Inference with hugging face pipeline happening on CPU, even if model is loaded on GPU


I am building a chatbot using LLM like fastchat-t5-3b-v1.0 and want to reduce my inference time.

I am loading the entire model on GPU, using device_map parameter, and making use of hugging face pipeline agent for querying the LLM model. Also specifying the device=0 ( which is the 1st rank GPU) for hugging face pipeline as well.
I am monitoring the GPU and CPU usage throughout the entire execution, and I can see that though my model is on GPU, at the time of querying the model, it makes use of CPU.
The spike in CPU usage shows that query execution is happening on CPU.

Below is the code that I am using to do inference on Fastchat LLM.

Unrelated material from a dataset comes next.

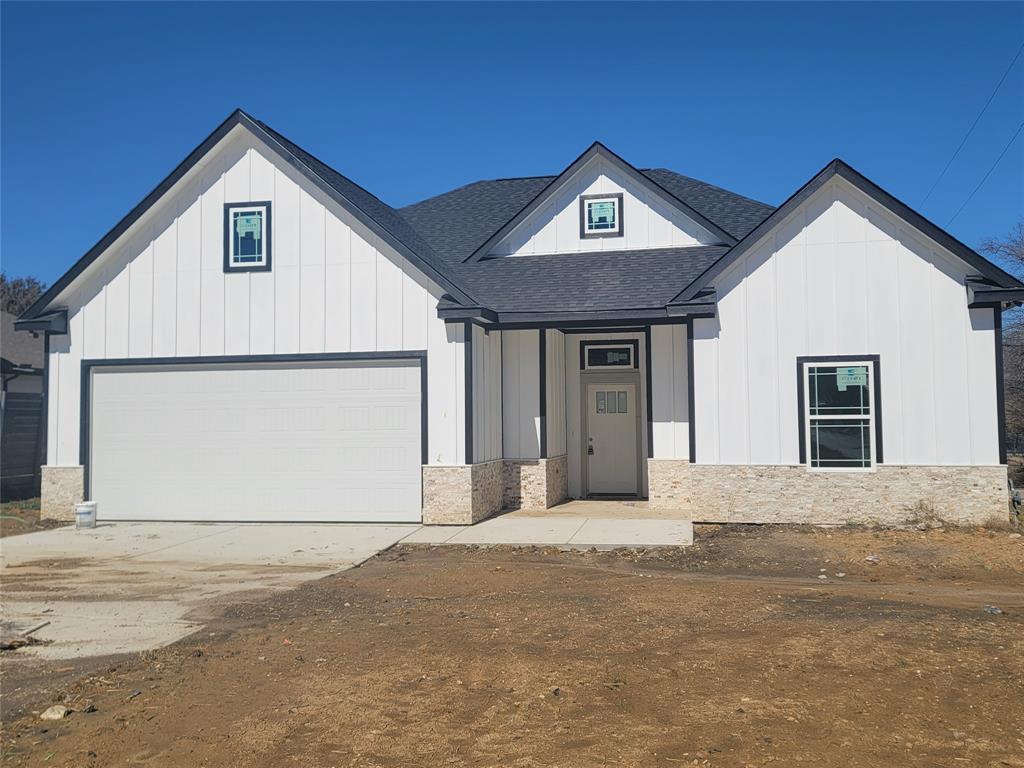 Beautiful new construction on a corner lot, featuring 3 bedrooms, 2 bathrooms, a dedicated study—perfect for a home office or flex space, laundry and mud room with 2 pantries. Beautiful new construction on a corner lot, featuring 3 bedrooms, 2 bathrooms, a dedicated study—perfect for a home office or flex space, laundry and mud room. Beautiful wood-grain tile flooring runs throughout the home. Spacious living room with a herringbone- tiled gas fireplace perfect for relaxing or entertaining. Each bedroom offers generous space, spacious closets with ceiling fans in each room. The primary luxurious ensuite suite with dual sinks, custom tile work with a large walk-in closet. Open kitchen design featuring double-stacked white cabinetry with black accent hardware, granite counter tops, modern lighting, with stainless steel appliances. Additional features include an oversized garage, central air, extra pantry space.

from llama_index import SimpleDirectoryReader, GPTVectorStoreIndex, PromptHelper, LLMPredictor
from langchain.embeddings.huggingface import HuggingFaceEmbeddings
from llama_index import LangchainEmbedding, ServiceContext
from transformers import T5Tokenizer, T5ForConditionalGeneration
from accelerate import init_empty_weights, infer_auto_device_map

model_name = 'lmsys/fastchat-t5-3b-v1.0'

config = T5Config.from_pretrained(model_name )
with init_empty_weights():
    model_layer = T5ForConditionalGeneration(config=config)

device_map = infer_auto_device_map(model_layer, max_memory={0: "12GiB",1: "12GiB", "cpu": "0GiB"}, no_split_module_classes=["T5Block"])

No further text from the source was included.